Non è l'arroganza di chi vuole affermare un senso ma l'umiltà tragica del demiurgo costretto a trovare tracce di intelligenza nelle cose. Ovviamente il primo aspetto da interrogare è la funzione, puramente meccanica, di uno scheletro, di un'automobile, di un gioco. La regola immanente viene così evidenziata dalla griglia e, moltiplicata, si neutralizza. Per Rosalind Krauss la griglia è silenzio, è impermeabile al linguaggio perché annulla le gerarchie e gli orientamenti. E' un modulo, è la ripetizione pura e in quanto tale non possiede centro e periferia. 

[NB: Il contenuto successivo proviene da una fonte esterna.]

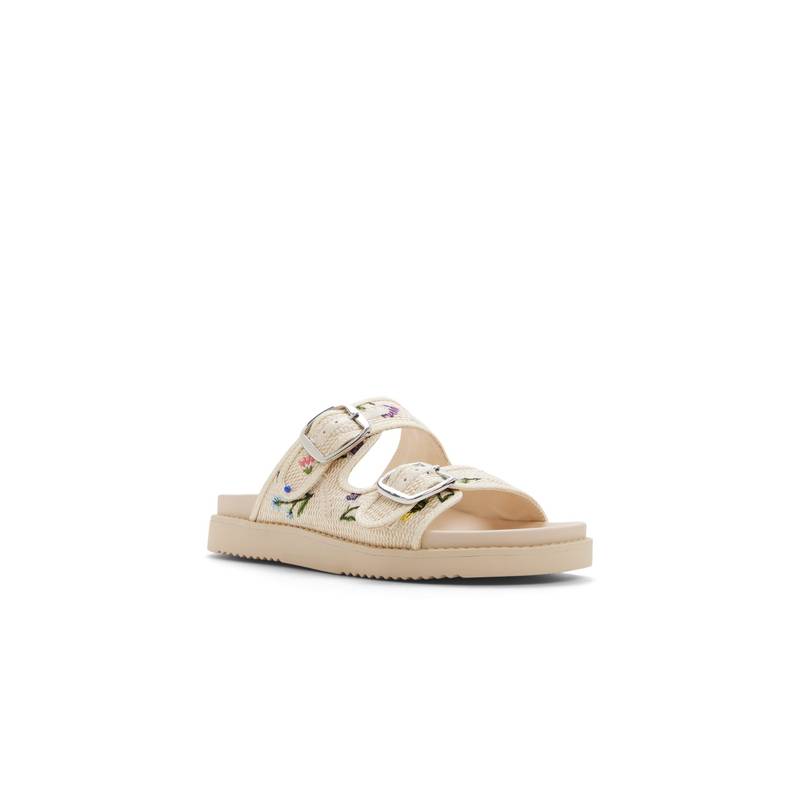 Aldo Bohochica Beige Ladies Sandals (UK 2)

Le forme che Orozco crea e ri(n)traccia - che traccia di nuovo - nascono quindi dal contrasto fra realtà multiforme e  griglia razionale, dall'attrito che si crea fra le due superfici. Un'arte diversa dall'espressione della volontà di un soggetto, come pure aveva formulato nelle sue prime opere. Un'arte semmai sperimentale, che  intacca l'organizzazione della materia ma che nutre rispetto e timore nei confronti del ritmo profondo e caotico della realtà. Un aforisma attribuito a Goethe suppone che il colore sia il dolore della luce. Parafrasando, la forma potrebbe essere il dolore del caos. Allora diminuire l'entropia sarà un'azione culturale ed artificiale che solo pochi, fra cui Gabriel Orozco, sanno rendere naturale.